Actually, the body count turns out to be unusually low, with most of the cast managing to survive to the final reel, although one sympathetic character does almost meet a horrendously unpleasant end, gets rescued in the nick of time, but is then dismissively dispatched in what amounts to a throwaway joke. We get the usual cliché involving a character, in this case a police deputy, who spends the whole movie being a brainless aggressive idiot who you hope will die horribly (Justin Allen), only to suddenly change character for no discernible reason and become sympathetic -- just before he does in fact die horribly! As I’ve mentioned, this part of the movie is completely predictable plot-wise. But, call me a soft touch, I still found the potential tedium somewhat relieved by the antics of Scoot McNairy who plays Frank, the yokel cousin of the owner of the wrecking yard, who turns up half-way through to find out what all these people are doing dying on his premises. Suddenly the film takes a turn into broad comedy, and considering the derivative nature of the drama, it is all the better for it. McNairy plays the character as broad as it is possible to be, and is a million miles removed from the romantic lead he recently played in the apocalyptic alien doomsday movie “Monsters”, sounding like The Simpsons character Cletus and lurching about in oil-stained dungarees like one of the more inbred members of the family in “Deliverance”, McNairy tops off the physical performance by sporting a pair of huge, erratically positioned, heavy-framed spectacles with a maximum lens magnification that turn his eyes into golf ball-sized orbs trapped in a goldfish bowl.

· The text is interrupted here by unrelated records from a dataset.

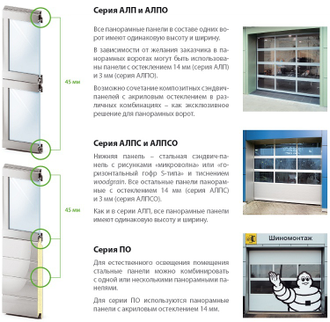 ПАНОРАМНЫЕ СЕКЦИОННЫЕ ВОРОТА ALUTECH СЕРИИ ALUPRO ИЗ ПАНОРАМНЫХ ПАНЕЛЕЙ (АЛП)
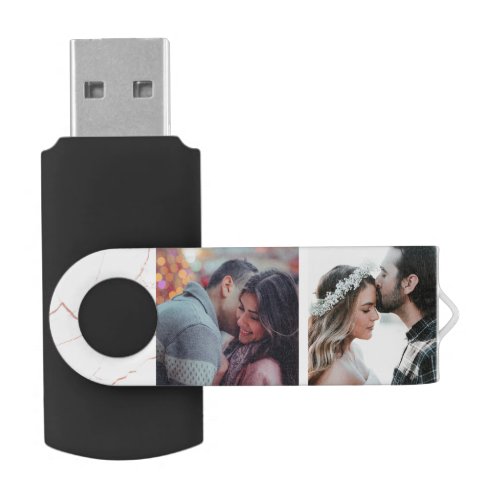 Personalized 4 Photo Collage Computer Accessories  Flash Drive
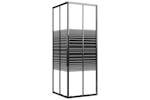 vidaXL 151847 Stripe Shower Cabin Esg 70x70x180cm Black vidaXL 151847 Stripe Shower Cabin Esg 70x70x180cm Black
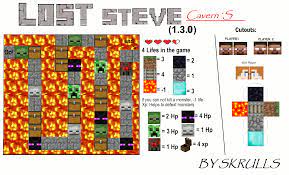 Papercraft Minecraft Lost Steve Caverns Board Game Papercraft Minecraft Board Games Games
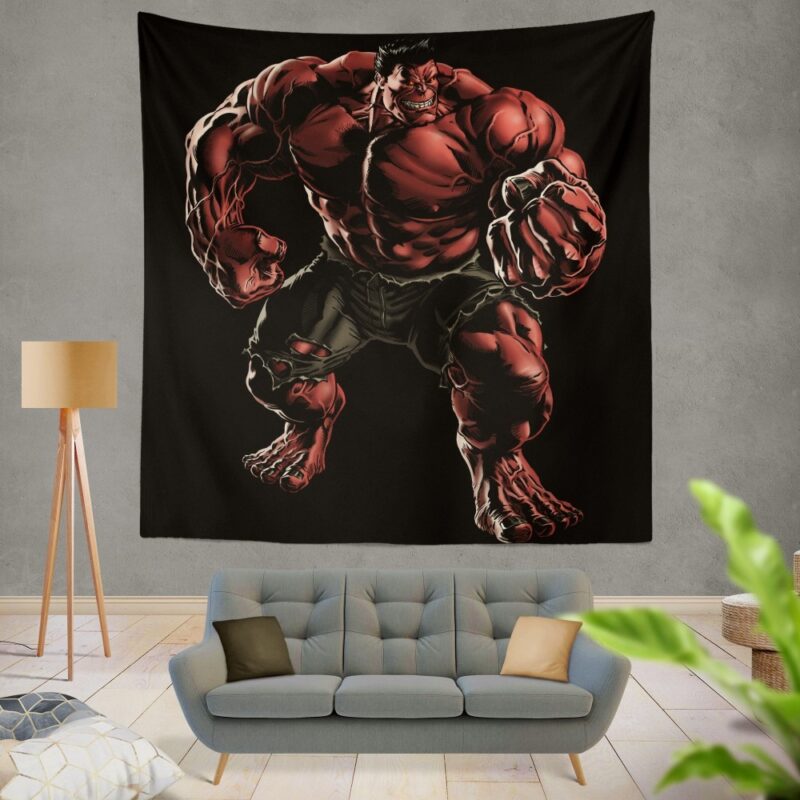 Marvel Comics Red Hulk Hulkbusters Wall Hanging Tapestry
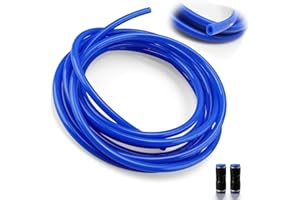 DIYCUT Aire de PU Tubo Manguera 10mm, 5m Azul Resistente Pneumatic Blue Manguera Poliuretano, con 2 Conectores Neumáticos, Sellado Fuerte, Aplicable a Compresores y Herramientas Neumáticas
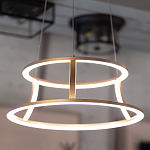 Люстра золотого цвета с 2-мя светодиодными кольцами Eurofase варинант исполнения - 8 | Loft Concept в Новосибирске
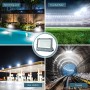 NATUR Faretto 300W Fari LED per Esterno 30000LM Proiettore Moda Leggero, Faro Impermeabile IP66 per Giardino Cortile, Lampada Lu
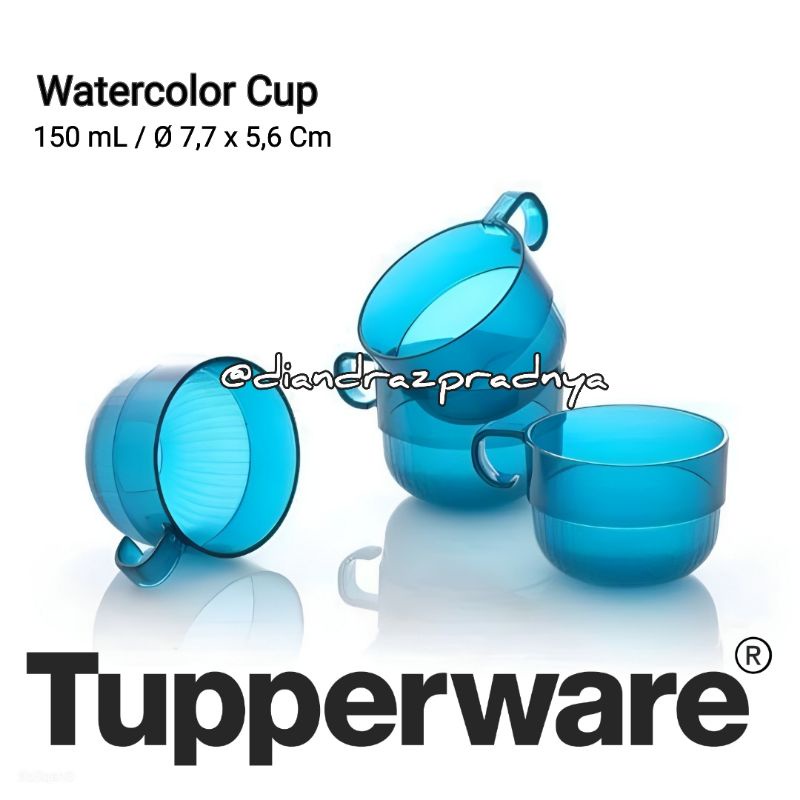Watercolor Cup wtc Tupperware Punch Cup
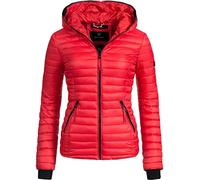 Navahoo Chaqueta Guateada de Entretiempo para Mujer Kimuk Rojo XXL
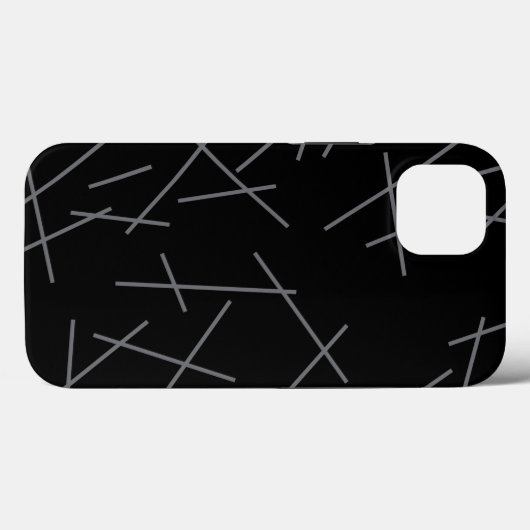 Modern, eenvoudig, rommelig, trendy grafisch lijnp Case-Mate iPhone case (Achterkant (horizontaal))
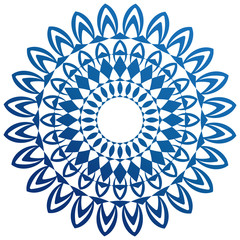 Mandala pattern design in blue color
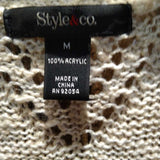 Style &Co,Tan,M,Duster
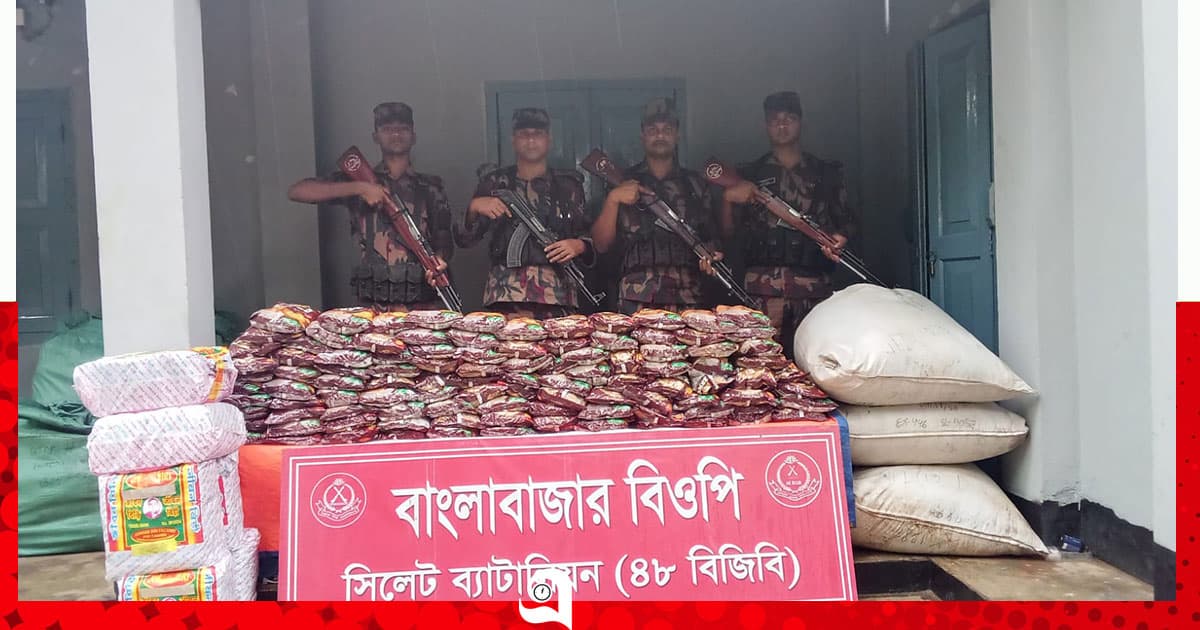 বিজিবির অভিযানে কোটি টাকার চোরাই পণ্য আটক
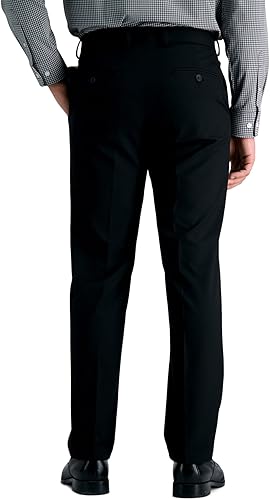 Miniatura 2 de J.M. Haggar - Pantalón de vestir para hombre, elástico en 4 direcciones, corte recto, parte delantera plana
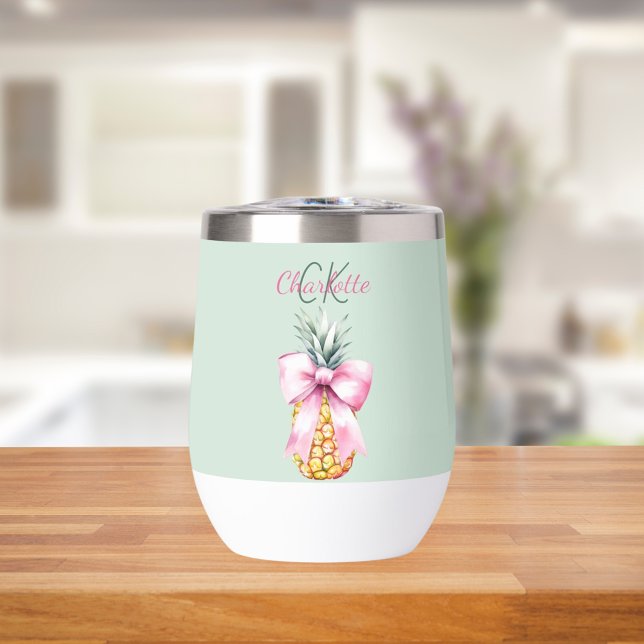 Arc rose ananas tropical été sauge vert (Créateur téléchargé)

Nevertheless, a few amusing scenes aren’t enough to inspire much enthusiasm for the rest of this middling drama. Developments play out much as one always suspected they would from the beginning , without any further twists above those which are to be completely expected in a generic slasher plot. The direction is relatively slick, although very much on the conventional side; the performances are good enough for the bland set of characters as they’re written, with only McNairy’s comedy turn really standing out as anything special. It would be churlish to warn anyone off buying or renting such a film as this (there’s a great deal worse out there) but it’s hard to recommend it either. The UK DVD from Chelsea Films is also pretty indifferent, offering only the film (with a choice of 5.1 or 2.0 stereo audio tracks) and nothing else in the form of extras.
If you’re the sort of slasher obsessive who has to see every entry in the genre, then you might well quite enjoy watching as the predictable plot rolls towards its predictable conclusion. As for everyone else, you can safely cruise on by without slowing to view the tame carnage at the side of this road -- it’s nothing you won’t have seen before. Move along, there is nothing to see here.